SUPPLIED RECORDS:
= = = = = = =

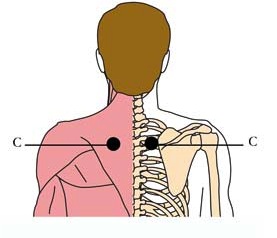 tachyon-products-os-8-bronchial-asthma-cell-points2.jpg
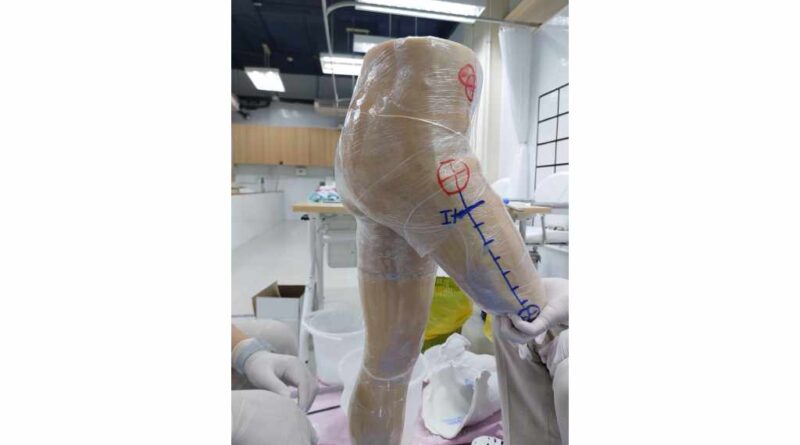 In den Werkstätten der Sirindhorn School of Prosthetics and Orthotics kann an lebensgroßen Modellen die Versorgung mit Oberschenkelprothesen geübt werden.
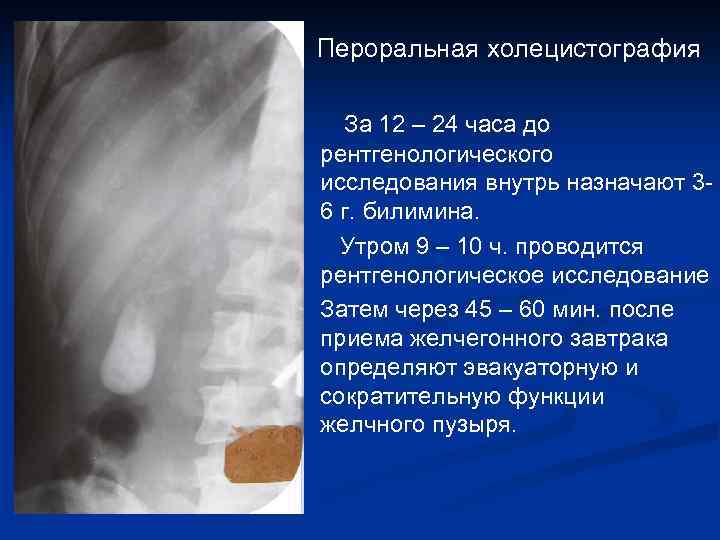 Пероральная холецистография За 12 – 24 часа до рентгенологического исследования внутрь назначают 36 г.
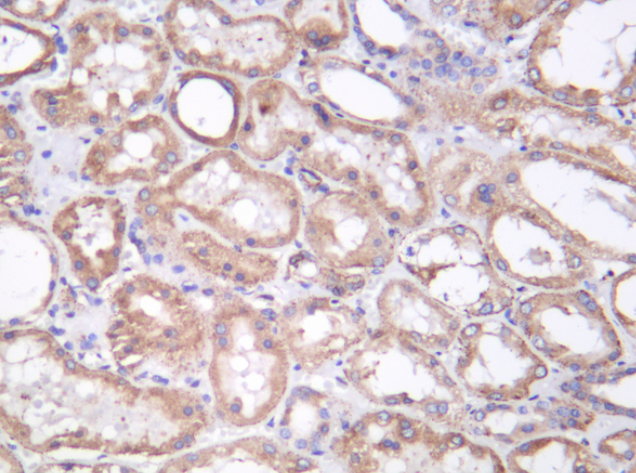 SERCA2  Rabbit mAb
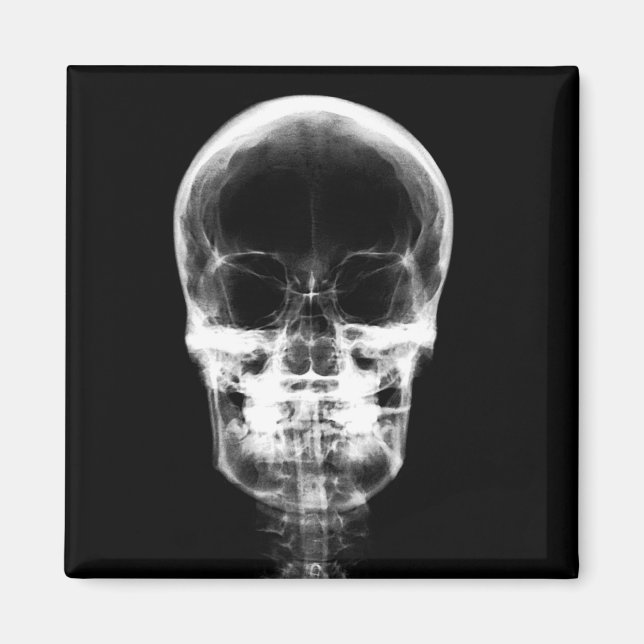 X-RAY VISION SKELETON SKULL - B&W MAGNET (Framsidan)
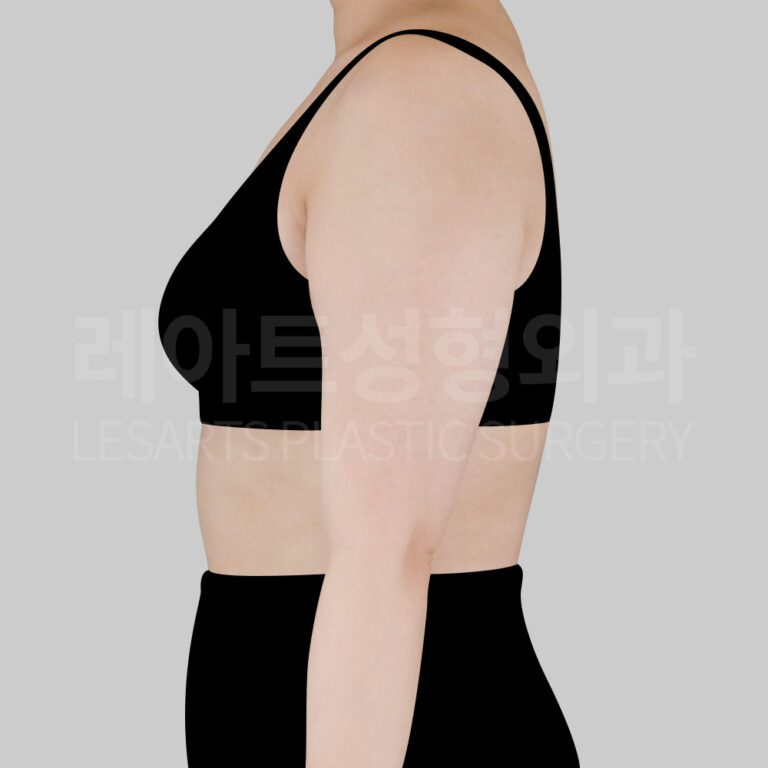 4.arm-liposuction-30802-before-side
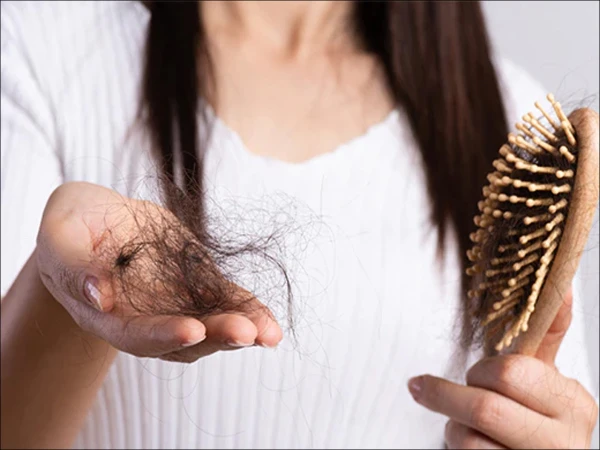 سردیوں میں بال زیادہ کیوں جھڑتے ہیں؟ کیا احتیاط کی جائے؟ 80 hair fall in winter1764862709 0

= = = = = = =

ABOUT THIS EXERCISE: In the listing above, find the line with "In den Werkstätten" and the line with "Пероральная холецистография За". Set down exactly those lines and everything between them, skipping pictures.

YOUR SOLUTION:
 In den Werkstätten der Sirindhorn School of Prosthetics and Orthotics kann an lebensgroßen Modellen die Versorgung mit Oberschenkelprothesen geübt werden.
 Пероральная холецистография За 12 – 24 часа до рентгенологического исследования внутрь назначают 36 г.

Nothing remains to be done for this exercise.